Boy.... you lost me!  I thought the ball diameter was controlled by the distance between the tool point and the swing pivot point?

I mounted an indexable carbide insert tool but could switch to HSS if needed. 

The cap screws are intended to act as axles.  I don't follow the tensioners question?


----------



## PeterT (Jan 17, 2019)

_I thought the ball diameter was controlled by the distance between the tool point and the swing pivot point?_
It is, but its typically not easy to measure from the center of your pivot axles to the tip of the cutter. Maybe this markup helps explain. There are other ways of doing this but you have similar flats at the end of your U frame.


----------



## PeterT (Jan 17, 2019)

_The cap screws are intended to act as axles. I don't follow the tensioners question?_
I guess I'm wondering if the frame is too free floating (with play)  or loosens up over time, you anticipate cranking in the bolts a bit to compensate?


----------



## YYCHM (Jan 17, 2019)

OK.  I see what you mean now about measuring the tool tip to swing axis dilemma.

As far as the swing axle goes, I was hoping for better tolerance.  Had no intention of cranking the bolts to compensate.  Do you think a brass screw tensioning the axle in the perpendicular would remove the slop?


----------



## Johnwa (Jan 18, 2019)

Glad you got your PHS working for you.

May I suggest a shoulder bolt for the axles in your ball turner.  They look like this
https://www.amazon.ca/Aj-Antunes-Ro...&qid=1547841232&sr=8-3&keywords=Shoulder+bolt

The shoulder portion is a precision cylinder, length and diameter wise.  You can get them from local bolt suppliers.


----------



## YYCHM (Jan 18, 2019)

Johnwa said:


> May I suggest a shoulder bolt for the axles in your ball turner.
> The shoulder portion is a precision cylinder, length and diameter wise.  You can get them from local bolt suppliers.



Man....  I wish I had known such a thing exists!  I have already drilled and tapped the swing and support legs.  May be too late for this iteration.

I checked Fastenal's offerings.  They spec cylinder dia, len and thread len but no thread dia and TPI?  How are you supposed to work with that info?


----------



## Johnwa (Jan 19, 2019)

I think the thread specs are dependent on the shoulder diameter.

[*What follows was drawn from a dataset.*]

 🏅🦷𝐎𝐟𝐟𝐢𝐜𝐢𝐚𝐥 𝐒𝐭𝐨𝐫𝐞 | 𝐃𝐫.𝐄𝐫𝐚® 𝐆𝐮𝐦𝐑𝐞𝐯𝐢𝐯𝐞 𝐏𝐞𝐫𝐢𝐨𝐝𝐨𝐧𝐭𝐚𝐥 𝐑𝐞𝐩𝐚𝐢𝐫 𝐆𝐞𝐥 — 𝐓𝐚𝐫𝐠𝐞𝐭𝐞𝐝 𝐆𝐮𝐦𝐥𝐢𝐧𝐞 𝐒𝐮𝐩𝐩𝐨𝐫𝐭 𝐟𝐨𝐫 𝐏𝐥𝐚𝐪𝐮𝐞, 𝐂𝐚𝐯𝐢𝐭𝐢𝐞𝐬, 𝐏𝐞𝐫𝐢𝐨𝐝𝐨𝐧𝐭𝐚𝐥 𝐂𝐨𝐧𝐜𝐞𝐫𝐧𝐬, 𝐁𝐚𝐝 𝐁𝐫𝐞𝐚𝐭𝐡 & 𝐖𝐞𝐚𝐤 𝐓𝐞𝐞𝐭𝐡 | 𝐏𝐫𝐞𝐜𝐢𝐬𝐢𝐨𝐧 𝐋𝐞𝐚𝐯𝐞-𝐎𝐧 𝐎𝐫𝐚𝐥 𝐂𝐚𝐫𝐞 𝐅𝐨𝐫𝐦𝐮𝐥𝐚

For example I think all ½” S bolts have 3/8x16 threads.


----------



## YYCHM (Jan 19, 2019)

Johnwa said:


> I think the thread specs are dependent on the shoulder diameter. For example I think all ½” S bolts have 3/8x16 threads.

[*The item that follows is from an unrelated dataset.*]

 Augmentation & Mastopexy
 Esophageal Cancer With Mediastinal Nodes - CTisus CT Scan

Upon revisiting Fastenal I discovered that if you select the details of each offering the thread dia and TPI are provided.

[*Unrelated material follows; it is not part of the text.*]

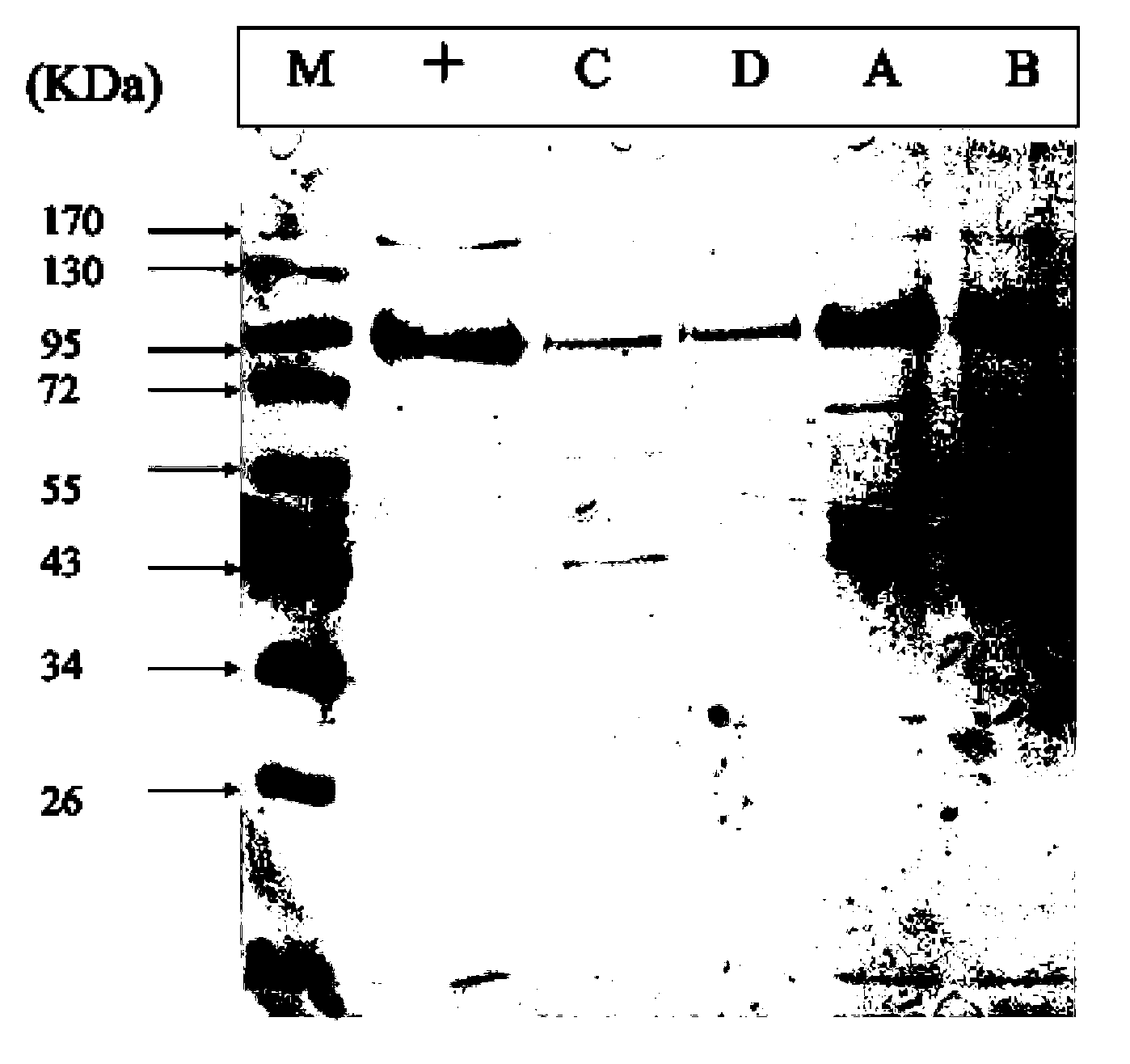 Method for separating and purifying recombinant human coagulation factor VIII from cell culture fluid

This may very well be the way to go.  I could bore out the current drilled holes to the next size and obtain a much better fit.


----------



## YYCHM (Jan 21, 2019)

Getting there.... slowly but surely.











Tool is 1mm too high (as predicted) and I managed to screw up locating the support leg holes by 1/16"... Grrrrr

Need to revisit the axle bolts next, as Johnwa suggested.  

Also, maybe a couple of holes and roll pins to keep the supports in alignment with the baseplate?


----------



## YYCHM (Jan 22, 2019)

Today I upgraded the axles to cylinder cap screws per Johnwa's suggestion.  Drilled the 3/8" support pivot holes 1/32 less than 1/2" and bored the holes out to match the 1/2" axles with a nice tight fit.  Much better.

Tried her out with a 1" piece of aluminum round stock I had kicking around.






I'm a little confused (nothing new) now.  Why am I getting 1/2 a ball?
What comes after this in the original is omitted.